From: Vincent W.J. van Gerven Oei
ONM: No ‘Legal Basis’ to Investigate Sevdari’s Complaints

After nearly a month, the International Monitoring Operation (ONM) has answered to questions of Exit as to why the ONM did not forward the complaints of former High Prosecutorial Council member Antoneta Sevdari to the Special Appeal Chamber (KPA).

Sevdari’s complaints, lodged in May this year, alleged that two of the judges of the KPA did not fulfill the legal requirements to sit on the highest vetting institution, which is adjoined to the Constitutional Court.

Sevdari had lodged her complaints at the ONM, as required by the Vetting Law art. 17(2). However, the ONM judged that the Vetting Law did not “provide for a sufficient legal basis for initiation of disciplinary investigations”:

The [international observers] did not forward the complaints to the KPA as they consider that Article 16 of the Law no. 84/2016 does not provide for a sufficient legal basis for initiation of disciplinary investigations in the matters indicated below.

Art. 16 of the Vetting Law explains the disciplinary liability of the members of the vetting institutions, including the KPA, but the list does not include explicitly a nomination in violation of the law, as Sevdari alleges in the two complaints against Luan Daci and Ardian Hajdari.

Of course, the fact that Daci and Hajdari were possibly nominated in violation of the Vetting Law has an enormous influence on Sevdari’s case, and is relevant to our understanding of the KPA’s dismissal of Sevdari, but it appears that in the interpretation of the ONM, the Vetting Law does not offer the legal tools to deal with the situation.

This, then, brings us to a very disturbing question. If it is indeed the case that some members of the vetting institutions were nominated in violation of the criteria listed in art. 6 of the Vetting Law, who should deal with this case? The ONM has now told us that this cannot be the KPA itself.

What is clear, however, is that one or more persons abused their office in this entire story. According to art. 248 of the Penal Code, abuse of office is defined as follows:

Deliberate accomplishment or non-accomplishment of actions or failures to act, in violation to the law and constituting the failure of a person, who carries out public functions, to do his duties regularly, in cases when it has led to bringing him or other persons unjust material or non-material benefits or when it has brought damages to the legitimate interests of the state, citizens, and other legal entities, when it does not constitute another criminal offence.
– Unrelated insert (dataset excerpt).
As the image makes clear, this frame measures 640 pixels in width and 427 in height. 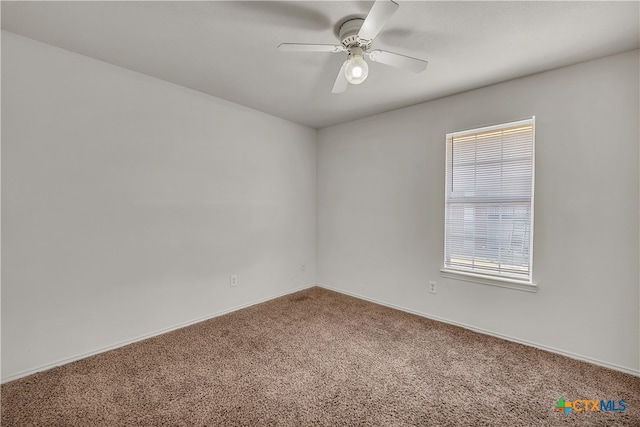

The failure of one or more persons to act upon information that disqualifies some of the candidates for the KPA, whose judges enjoy equal status to judges at the Constitutional Court, would certainly fall under this definition.

So where to look?

We may look at the First Ad-Hoc Committee for the Verification of Vetting Institution Candidates and the Third Ad-Hoc Committee for the Selection of Vetting Institution Candidates, who interviewed the candidates for the KPA in 2017.

The First Ad-Hoc Committee received two candidate lists from the National Ombudsman, one with qualified (List A) and one with non-qualified candidates (List B), together with a list of recommendations by the ONM. However, according to art. 8(3) of the Vetting Law, the First Ad-Hoc Committee cannot remove any candidate from the list of qualified candidates.

Both Luan Daci and Ardian Hajdari were part of the second version of List A, after Parliament extended the application period, in violation of the law and the recommendation of the ONM. Both Daci and Hajdari received also a positive recommendation of the ONM.

Candidates on List A with a positive recommendation of the ONM automatically passed to the Final List, from which the Third Ad-Hoc Committee chose the final candidates of the vetting institutions by means of a secret vote.

So in case of the First Ad-Hoc Committee, they cannot be held responsible for the election of Hajdari and Daci, and they cannot be held responsible for not removing them from the Final List, because they had no legal tool to do so.

The members of the Third Ad-Hoc Committee could have chosen not to elect Daci and Hajdari to the KPA, but they did, despite the serious questions about the quality of their applications raised during their interviews, as is evident from the transcripts. So one could argue that by electing Daci and Hajdari to the KPA, the members of the Third Ad-Hoc Committee may have committed abuse of office.

But the final selection of the Third Ad-Hoc Committee was approved by Parliament. So are then all MPs complicit in this possible crime of nominating unqualifying members to the KPA?

Or should we go back in time, and blame the National Ombudsman for not including Daci and Hajdari on List B? Or the ONM for giving a positive recommendation?

The fundamental problem is that so many institutions – National Ombudsman, ONM, General Secretary of Parliament, two separate Ad-Hoc Committees, and the plenary session of Parliament – were involved in the election of Daci and Hajdari, that it nearly appears impossible to determine the point at which the process was derailed.

This then leads us to the core issue: if indeed Daci and Hajdari were elected to the KPA in violation of the legal requirements, is there any way in which they can be dismissed?

The entire architecture of the justice reform works against such a possibility. The vetting institutions are designed to be completely independent from the rest of the judiciary and other state institutions, and for good reason. But that also means that once a “rotten apple” has ended up in the seat of judge at the KPA, they appear to be there practically forever.

That is, of course, until the European Court of Human Rights in Strasbourg rules that the vetting institutions do not constitute an “independent and impartial tribunal,” at which point the whole vetting edifice will come crashing down.